Changed text to "is designed with the intent to easily".

Of course, i do not know all the proprietary HW optimizations
that may be done to implement BIER, so i can only judge
from the efforts done on the design side: 

Primarily the goal was to have as few changes as possible betwen the
rfc8279 BIER pseudocode and the MANDATORY BIER-TE pseudocode
in this draft (the first pseudocode). That pseudocode should
be even easier to implement than the BIER variant, because 
it removes the sequential dependencies between replications: BIER
pseudocode updates a variable used across all replications,
making e.g.: (distributed) egress linecard implementations more expensive.

The optional features
like ECMP, DNC and multiple adjacencies for a single bit-position are
moderate additional complexity that should be able to attach to
a shared core forwarding/replication code.

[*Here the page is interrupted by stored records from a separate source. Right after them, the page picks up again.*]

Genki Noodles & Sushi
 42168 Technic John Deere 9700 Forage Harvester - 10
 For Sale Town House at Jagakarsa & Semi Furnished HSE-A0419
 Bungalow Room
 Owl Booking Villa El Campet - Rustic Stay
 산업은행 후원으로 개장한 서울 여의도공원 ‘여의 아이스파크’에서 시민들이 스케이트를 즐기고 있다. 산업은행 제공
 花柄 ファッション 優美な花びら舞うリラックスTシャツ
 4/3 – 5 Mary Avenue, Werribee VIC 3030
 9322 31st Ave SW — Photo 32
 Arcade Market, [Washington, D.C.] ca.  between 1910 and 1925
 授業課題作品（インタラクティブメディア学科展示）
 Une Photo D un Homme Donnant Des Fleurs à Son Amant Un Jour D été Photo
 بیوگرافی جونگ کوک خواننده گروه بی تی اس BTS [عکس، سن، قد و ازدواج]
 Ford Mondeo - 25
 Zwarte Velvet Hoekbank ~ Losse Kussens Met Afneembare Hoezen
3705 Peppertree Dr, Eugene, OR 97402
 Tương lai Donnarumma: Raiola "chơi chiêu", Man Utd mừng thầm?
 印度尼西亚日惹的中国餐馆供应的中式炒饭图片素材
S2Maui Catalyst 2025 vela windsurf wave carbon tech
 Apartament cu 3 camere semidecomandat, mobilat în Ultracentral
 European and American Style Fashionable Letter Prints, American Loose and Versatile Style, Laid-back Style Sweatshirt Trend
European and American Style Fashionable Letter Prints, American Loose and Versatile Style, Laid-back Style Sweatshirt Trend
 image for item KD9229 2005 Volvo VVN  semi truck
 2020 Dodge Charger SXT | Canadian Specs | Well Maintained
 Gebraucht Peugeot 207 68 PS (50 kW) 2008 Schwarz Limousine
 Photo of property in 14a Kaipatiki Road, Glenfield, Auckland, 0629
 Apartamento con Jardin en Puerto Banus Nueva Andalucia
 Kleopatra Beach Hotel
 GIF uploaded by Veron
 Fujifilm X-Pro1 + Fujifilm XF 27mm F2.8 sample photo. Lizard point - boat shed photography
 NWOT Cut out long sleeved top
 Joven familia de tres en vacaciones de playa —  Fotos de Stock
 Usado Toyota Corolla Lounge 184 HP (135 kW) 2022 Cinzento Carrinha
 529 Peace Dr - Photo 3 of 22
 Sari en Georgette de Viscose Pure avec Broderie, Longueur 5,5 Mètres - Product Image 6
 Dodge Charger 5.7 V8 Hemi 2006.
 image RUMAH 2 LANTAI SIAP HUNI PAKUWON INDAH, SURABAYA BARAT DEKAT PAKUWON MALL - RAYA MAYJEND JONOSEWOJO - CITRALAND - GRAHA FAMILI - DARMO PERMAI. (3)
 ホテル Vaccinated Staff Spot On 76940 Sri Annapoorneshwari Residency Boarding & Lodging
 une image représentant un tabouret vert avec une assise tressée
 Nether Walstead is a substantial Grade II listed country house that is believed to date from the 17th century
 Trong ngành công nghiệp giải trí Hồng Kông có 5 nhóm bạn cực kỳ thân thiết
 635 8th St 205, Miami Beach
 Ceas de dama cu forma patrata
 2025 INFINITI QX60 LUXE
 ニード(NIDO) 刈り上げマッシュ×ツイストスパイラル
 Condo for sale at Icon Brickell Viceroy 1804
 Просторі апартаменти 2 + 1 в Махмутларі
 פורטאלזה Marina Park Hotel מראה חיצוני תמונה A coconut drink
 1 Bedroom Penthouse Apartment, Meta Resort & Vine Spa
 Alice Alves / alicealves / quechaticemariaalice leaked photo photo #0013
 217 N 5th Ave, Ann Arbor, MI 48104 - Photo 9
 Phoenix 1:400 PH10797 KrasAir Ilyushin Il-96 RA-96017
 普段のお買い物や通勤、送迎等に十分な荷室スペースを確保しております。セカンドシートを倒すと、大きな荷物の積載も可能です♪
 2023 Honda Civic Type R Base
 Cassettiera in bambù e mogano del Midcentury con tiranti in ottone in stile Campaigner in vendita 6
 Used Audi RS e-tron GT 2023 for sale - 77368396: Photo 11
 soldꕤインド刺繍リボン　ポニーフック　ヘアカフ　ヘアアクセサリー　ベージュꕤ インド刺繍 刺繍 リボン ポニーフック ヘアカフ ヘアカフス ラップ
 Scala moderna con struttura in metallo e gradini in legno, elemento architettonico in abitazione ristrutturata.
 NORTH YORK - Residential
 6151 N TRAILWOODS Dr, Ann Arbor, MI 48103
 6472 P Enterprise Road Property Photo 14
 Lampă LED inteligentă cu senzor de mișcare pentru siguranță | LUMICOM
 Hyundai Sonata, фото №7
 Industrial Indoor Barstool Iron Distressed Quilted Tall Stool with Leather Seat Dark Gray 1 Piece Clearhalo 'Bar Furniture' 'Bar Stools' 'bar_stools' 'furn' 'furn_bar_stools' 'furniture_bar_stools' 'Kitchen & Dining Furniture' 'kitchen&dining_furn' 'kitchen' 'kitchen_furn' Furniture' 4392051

But beyond that, the biggest argument in favor of "designed with intent to easily..."
is the fact that BIER-TE continues to use the same fixed-length
bitstring that BIER uses. This actually leads to all the complex
options to reduce the number of total bits required to represent
some part of the netork topology, shown primarily through
section 5 (controller procedures to assign bits, bit-types) and
the optional BIER-TE adjacencies that go along with that.

If we would dare to go beyond the fixed-length/flat bitstring of
BIER, then we would end up with much easier BIER-TE+?,
which is what draft-eckert-bier-cgm2-rbs actually proposes).
But that overall simplification/scalability enhancements come
at the price of more complex forwarding plane parsing of the
structured bitstring in the per-packet forwarding plane.

> -- Section 3.2.1 --
> As BIER-TE is basically centralized in a control, "such YANG/Netconf/RestConf"
> is a little hand waving. Does the BIER WG have already started work on this
> control protocol ?

Small correction: A centralized BIER-TE controller is just the
"reference model" for the BIER-TE control plane (section 2.2 point 2.2).

There is no reason to not implement at least a decentralized control plane,
such as has been done historically for RSVP-TE: every headend-LSR (BFIR)
calculating the path/trees for which it is the headend. For BIER-TE this
would be quite attractive as an RSVP-TE/P2MP replacement - removes all
the unwanted per-LSP signalling in the network. 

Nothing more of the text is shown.